**DATASET CONTENT**
..............................

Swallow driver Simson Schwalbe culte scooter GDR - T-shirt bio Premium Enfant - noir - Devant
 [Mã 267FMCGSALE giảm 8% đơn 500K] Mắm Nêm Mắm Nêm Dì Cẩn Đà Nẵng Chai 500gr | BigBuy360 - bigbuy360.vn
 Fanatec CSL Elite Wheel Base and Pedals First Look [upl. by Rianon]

..............................

**EXERCISE BRIEF**
Reproduce the entire listing. Keep every word as it is.

**FINAL ANSWER**
Swallow driver Simson Schwalbe culte scooter GDR - T-shirt bio Premium Enfant - noir - Devant
 [Mã 267FMCGSALE giảm 8% đơn 500K] Mắm Nêm Mắm Nêm Dì Cẩn Đà Nẵng Chai 500gr | BigBuy360 - bigbuy360.vn
 Fanatec CSL Elite Wheel Base and Pedals First Look [upl. by Rianon]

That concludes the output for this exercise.